Jesuit priest, Fr Michael Bergin, William Maurice Armstrong, Sir Sackville Hamilton Carden KCMG , are just some of the Tipperary men, numbered among the many, whose heroics, Australians celebrated yesterday in their Anzac Day commemorations.
The acronym ‘ANZAC‘ stands for Australian and New Zealand Army Corps, whose soldiers were known as Anzacs. Anzac Day still remains one of the most important national occasions for both Australia and New Zealand, who remember the thousands of soldiers from all countries who lost their lives in the Gallipoli campaign, also known as the Dardanelles Campaign, which took place between 25th April 1915 and the 9th January 1916, during the First World War.
This eight month campaign during the First World War, which was an attempt to seize obvious strategic advantage and was authorised by the British, with an attack on the Turkish peninsula, aiming to capture Constantinople.
By the end of this bitter eight month campaign estimated deaths would read as follows:
Turkey 86,692, British (Including Irish Men) 21,255, France 9,798, Australia 8,709, New Zealand 2,701, India 1,358, Newfoundland 49.
Professor Fr. Michael Bergin, S.J., M.C.(1879 – 1917)
Fr.

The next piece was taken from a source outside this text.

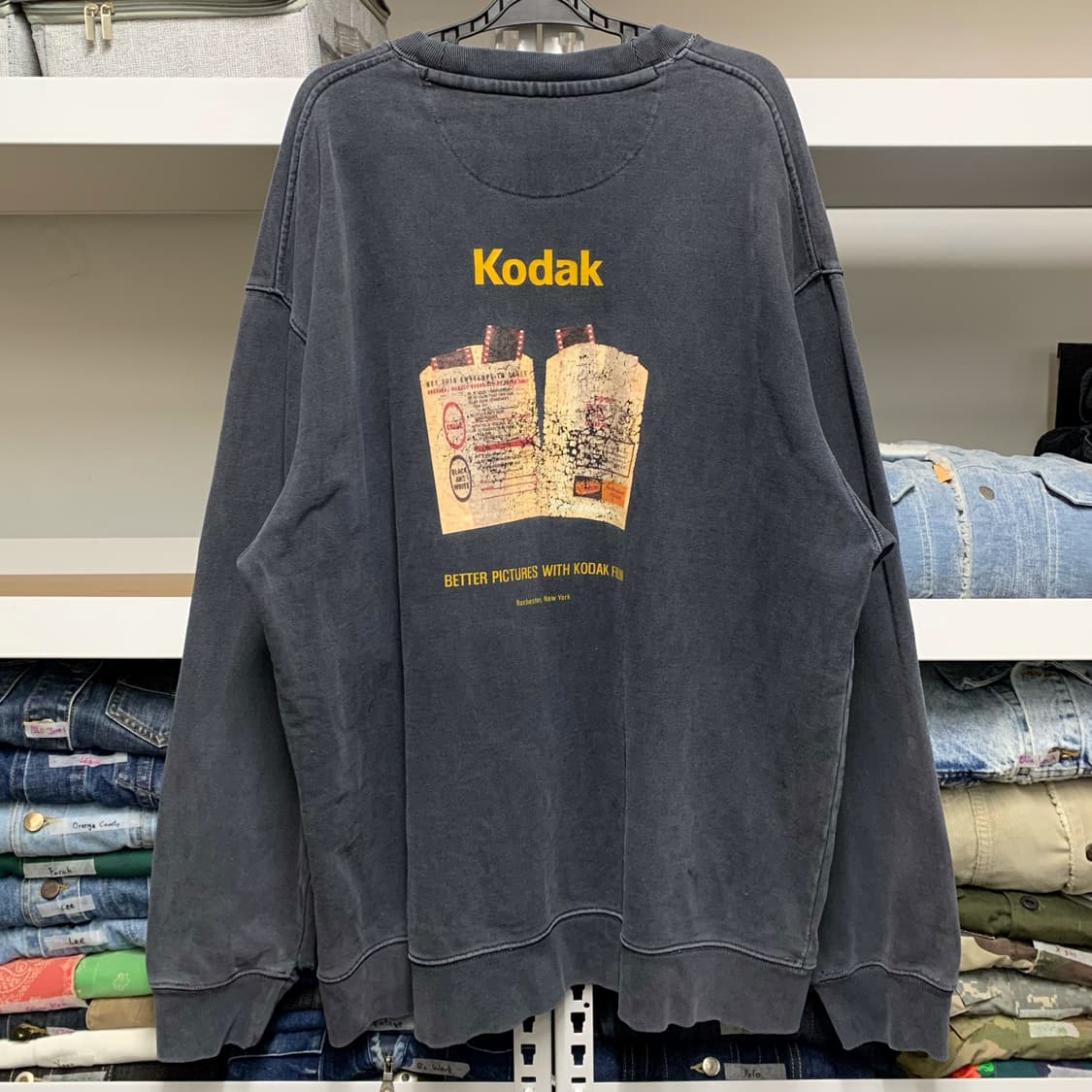 [XL] 코닥 가먼트다잉 프린팅 맨투맨 스웻셔츠 상품이미지3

Bergin won a military cross posthumously for his work as chaplain and as stretcher-bearer with the Fifth Light Horse Brigade.
Fr Michael was well travelled and born in Fancroft, near Roscrea, Co Tipperary, schooled in Mungret College Limerick, an Irish Jesuit chaplain with the Australian Imperial Force, which he joined as a trooper (stretcher bearer) to the 5th Light Horse, in order to accompany the Australians to Gallipoli.
He was the only Australian chaplain to have joined in the ranks, the only one never to set foot in Australia and the only Catholic chaplain to have died with the AIF (Australian Imperial Force). He always aimed to be where his men were in greatest danger, and having survived the Turkish campaign, he was killed by a German shell on the Ypres salient in Flanders.
The citation for the Military Cross awarded posthumously (although based on recommendation prior to his death), reads: “Padre Bergin is always to be found among his men, helping them when in trouble, and inspiring them with his noble example and never-failing cheerfulness.”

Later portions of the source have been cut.